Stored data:
• • • • • • •
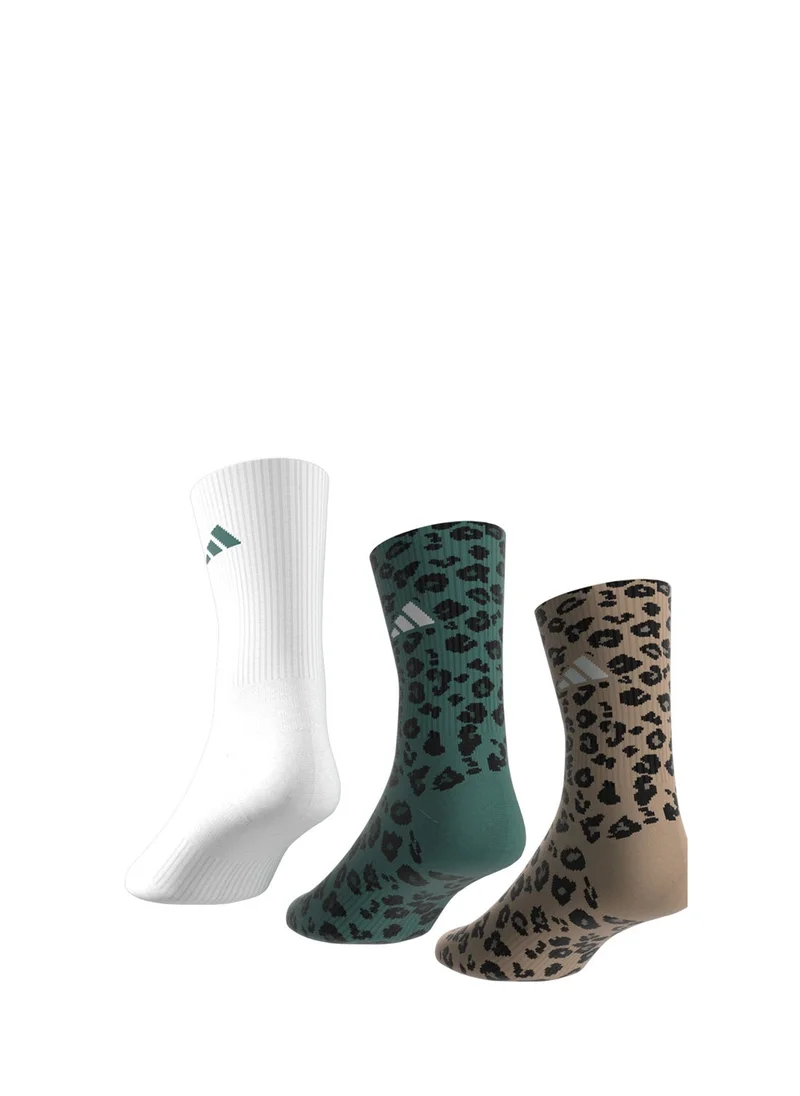 اديداس 3 Pack Leopard Print Socks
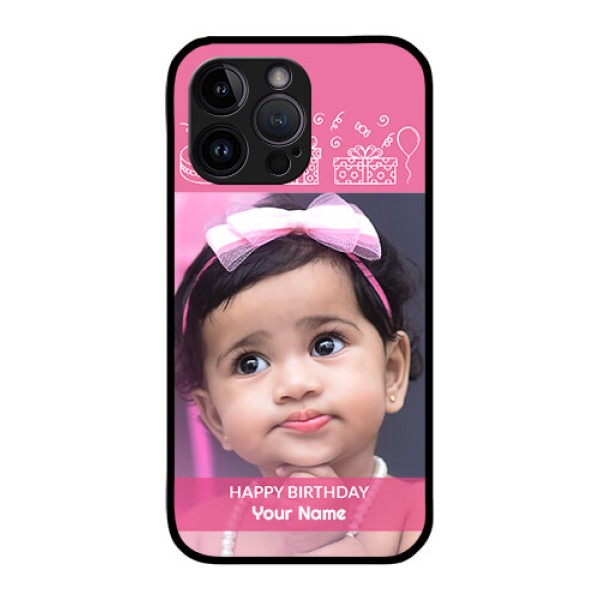 iPhone 14 Pro Max Photo Printing on Glass Case - with Birthday Line Art Design iPhone 14 Pro Max Photo Printing on Glass Case - with Birthday Line Art Design
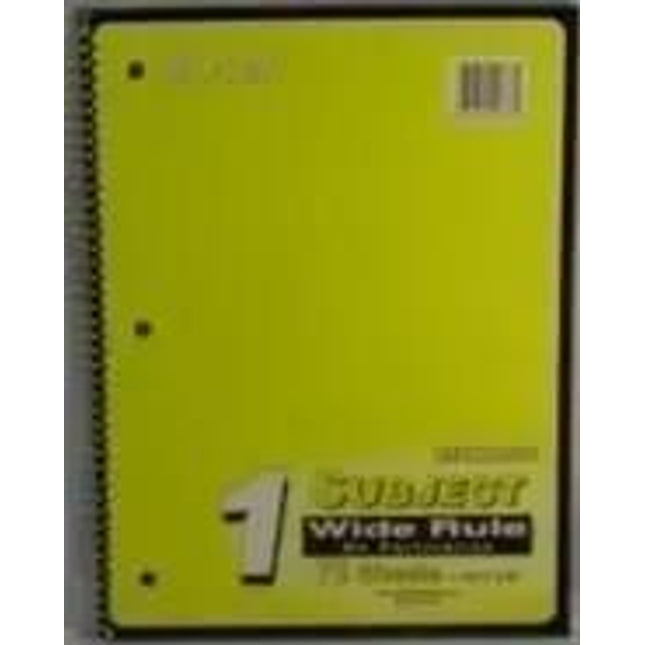 Spiral Notebook, 70 ct, yellow, wide rule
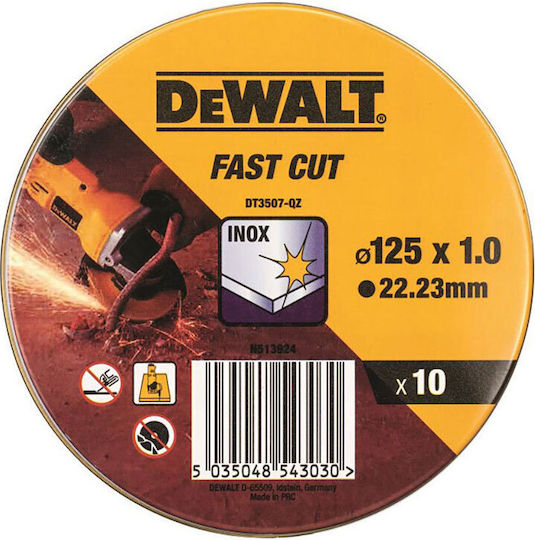 DEWALT Δίσκος Κοπής Μετάλλου 125mm 10τμχ
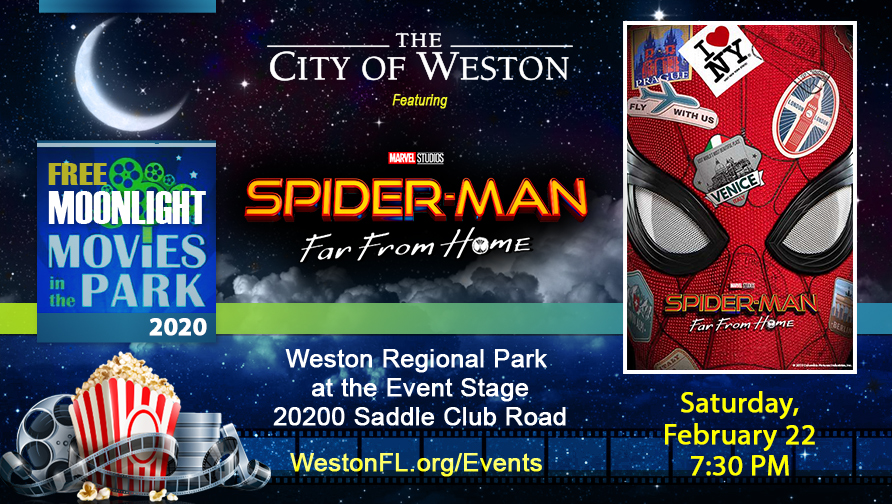 City of Weston - FREE Moonlight Movies in the Park 2020 Flyer; featuring Spiderman Far From Home Movie Poster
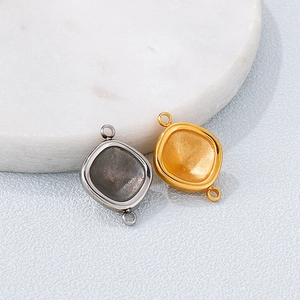 Dual square diamond link connectors in gold and silver for custom jewelry making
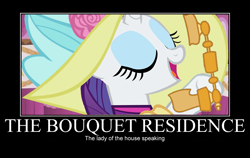 Size: 870x550 | Tagged: safe, artist:astringe, edit, screencap, rarity, pony, unicorn, crossover, demotivational poster, hyacinth bucket, keeping up appearances, meme, parody, solo, telephone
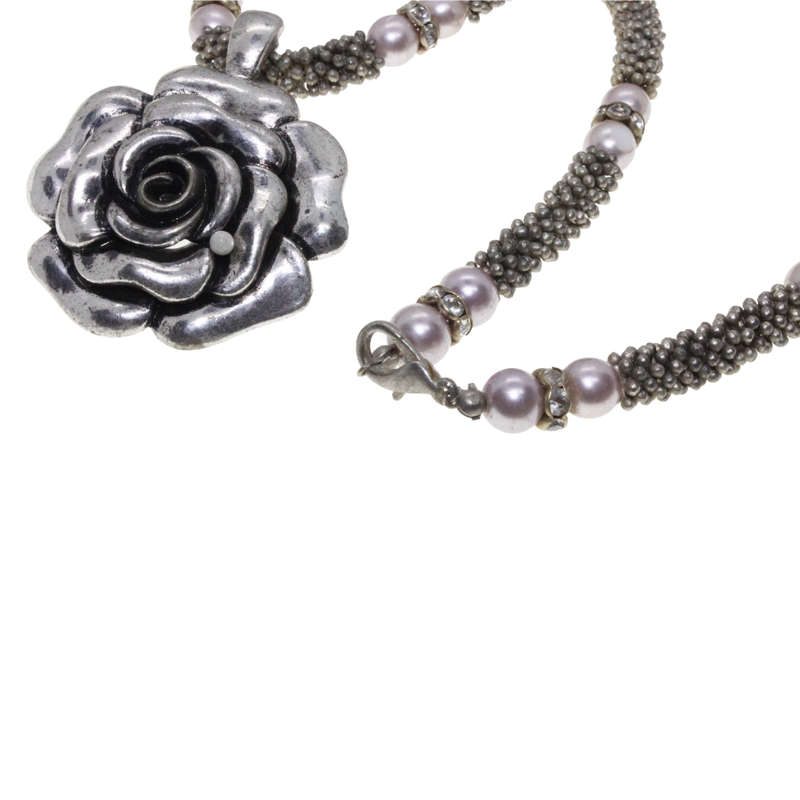 Silver Tone - Mesh Necklace. Faux Pearls/Diamantes. Rose Pendant. - ML2726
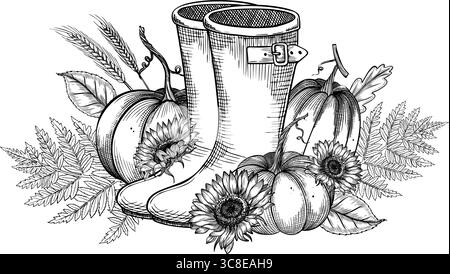 Vektor-Herbstillustration mit Kürbissen. Lineare Zeichnung von Sonnenblumen und Gummistiefeln. Ätzen mit Herbstlaub und Weizen für Erntefest-Grußkarten oder Einladungen. Rustikale Gravur. Stock Vektor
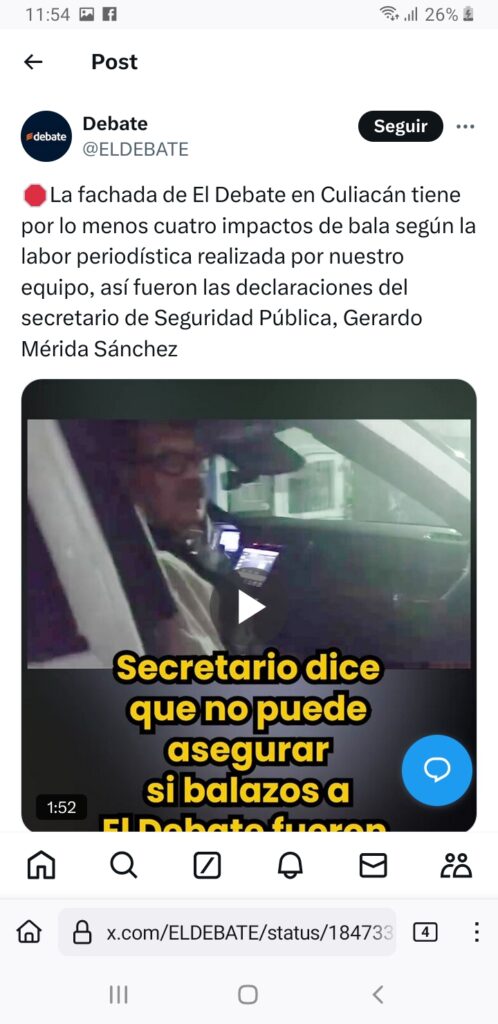 Diario El Debate, en Sinaloa, denuncia amenazas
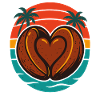 Coffee Love Heart Retro Sunset Design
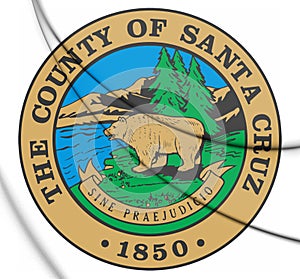 3D Seal of Santa Cruz County California, USA.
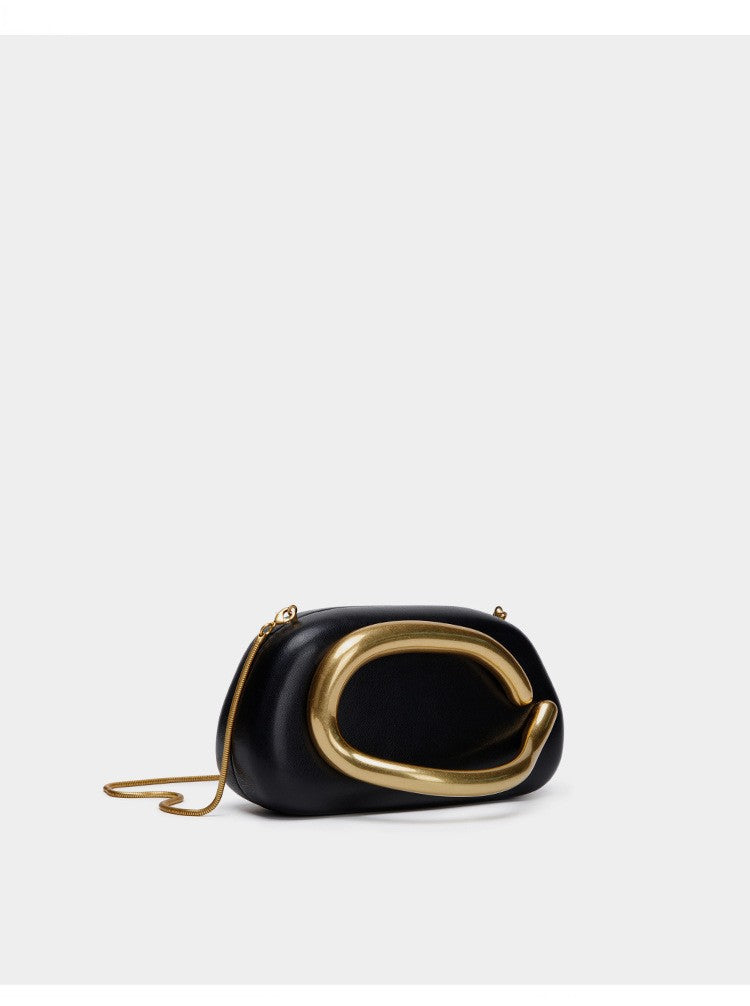 Oval Handle Box Crossbody Bag
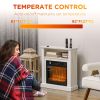 HOMCOM 27" Electric Fireplace with Mantel Surround, 1400W Replaceable Fireplace Insert Heater with Realistic Log and Flame Effect, Remote Control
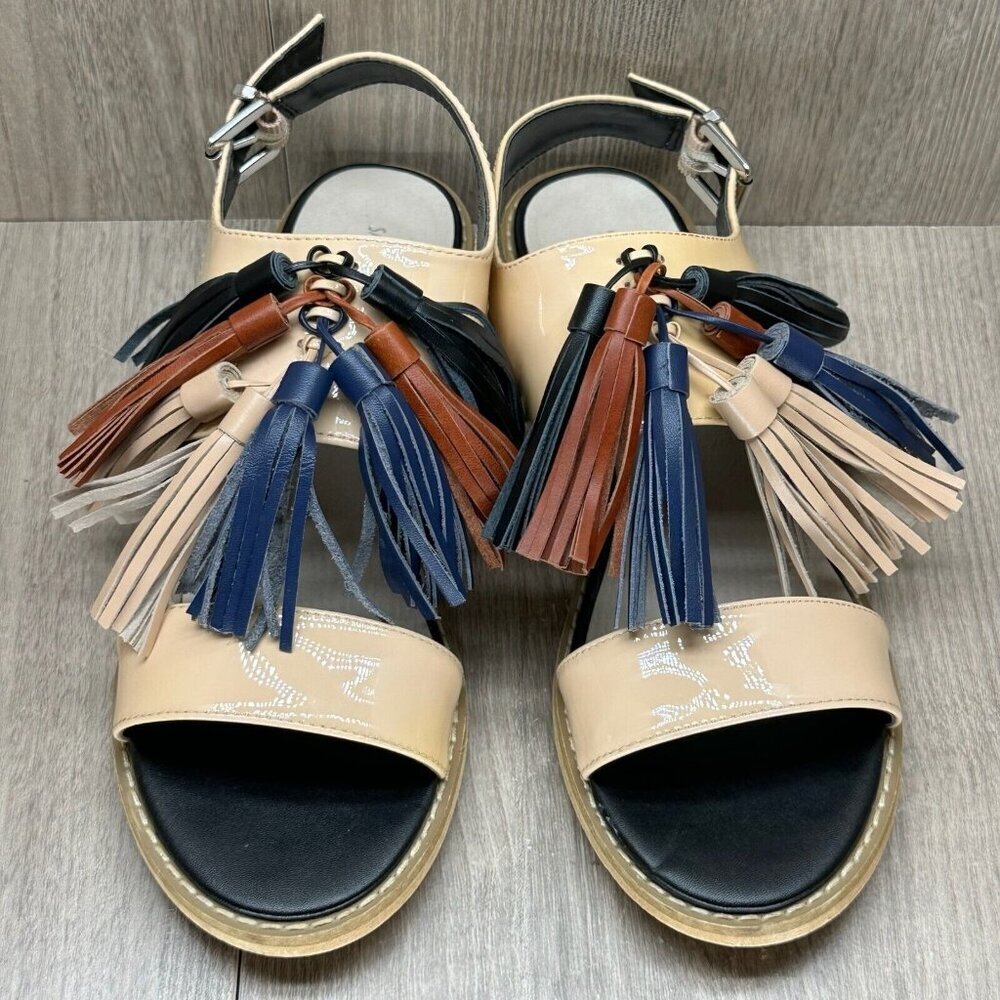 Saks Fifth Avenue Patent Sandals Women Size 8.5 Beige Maria Tasseled Sling Back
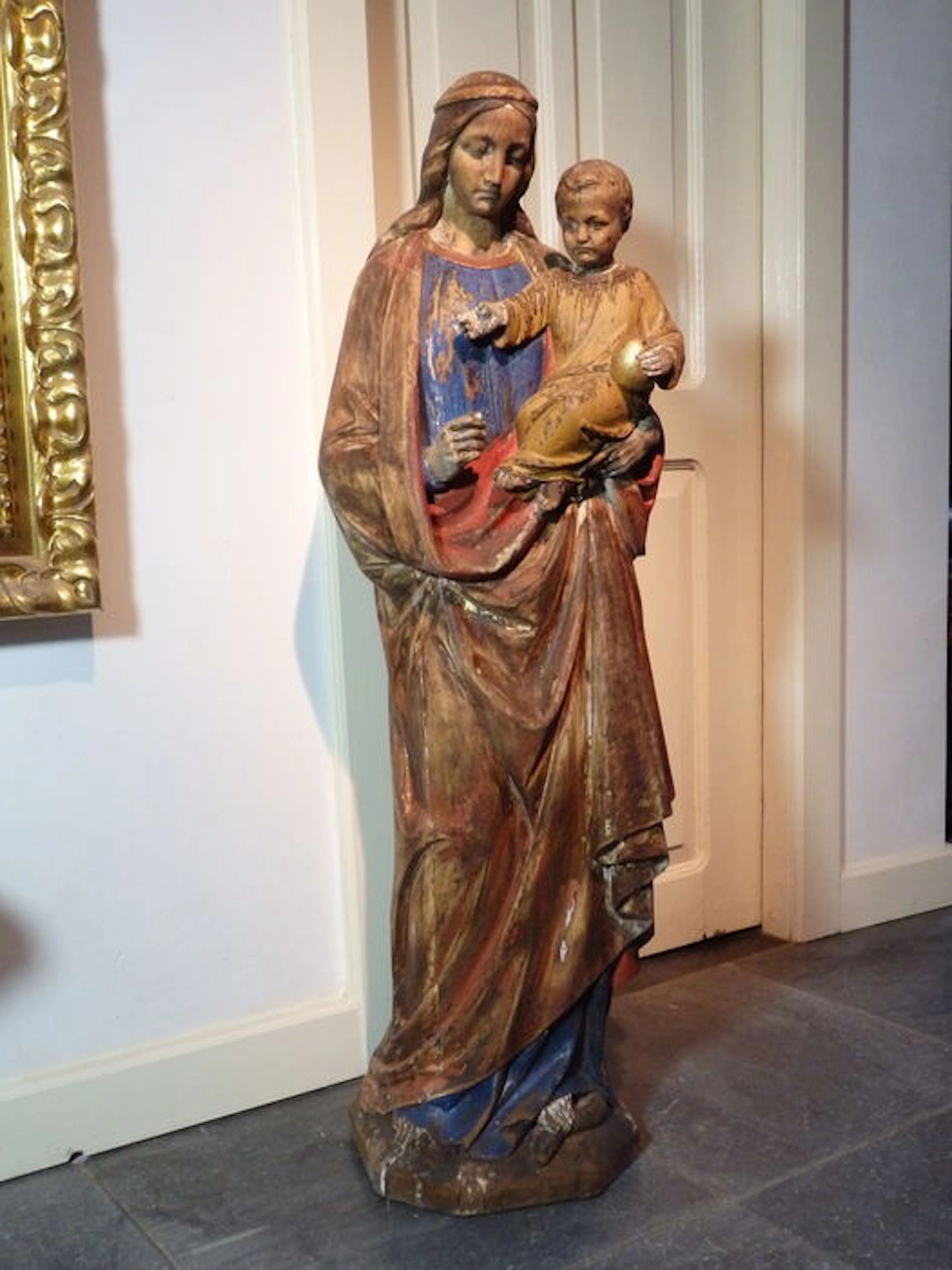 Wonderful large church statue, huge oak statue Mary with child - Germany 19th century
• • • • • • •
Assigned task:
Without any pictures, output the entries above exactly as they appear.

Output for this exercise:
 اديداس 3 Pack Leopard Print Socks
 iPhone 14 Pro Max Photo Printing on Glass Case - with Birthday Line Art Design iPhone 14 Pro Max Photo Printing on Glass Case - with Birthday Line Art Design
 Spiral Notebook, 70 ct, yellow, wide rule
 DEWALT Δίσκος Κοπής Μετάλλου 125mm 10τμχ
 City of Weston - FREE Moonlight Movies in the Park 2020 Flyer; featuring Spiderman Far From Home Movie Poster
 Dual square diamond link connectors in gold and silver for custom jewelry making
 Size: 870x550 | Tagged: safe, artist:astringe, edit, screencap, rarity, pony, unicorn, crossover, demotivational poster, hyacinth bucket, keeping up appearances, meme, parody, solo, telephone
 Silver Tone - Mesh Necklace. Faux Pearls/Diamantes. Rose Pendant. - ML2726
 Vektor-Herbstillustration mit Kürbissen. Lineare Zeichnung von Sonnenblumen und Gummistiefeln. Ätzen mit Herbstlaub und Weizen für Erntefest-Grußkarten oder Einladungen. Rustikale Gravur. Stock Vektor
 Diario El Debate, en Sinaloa, denuncia amenazas
 Coffee Love Heart Retro Sunset Design
 3D Seal of Santa Cruz County California, USA.
 Oval Handle Box Crossbody Bag
 HOMCOM 27" Electric Fireplace with Mantel Surround, 1400W Replaceable Fireplace Insert Heater with Realistic Log and Flame Effect, Remote Control
 Saks Fifth Avenue Patent Sandals Women Size 8.5 Beige Maria Tasseled Sling Back
 Wonderful large church statue, huge oak statue Mary with child - Germany 19th century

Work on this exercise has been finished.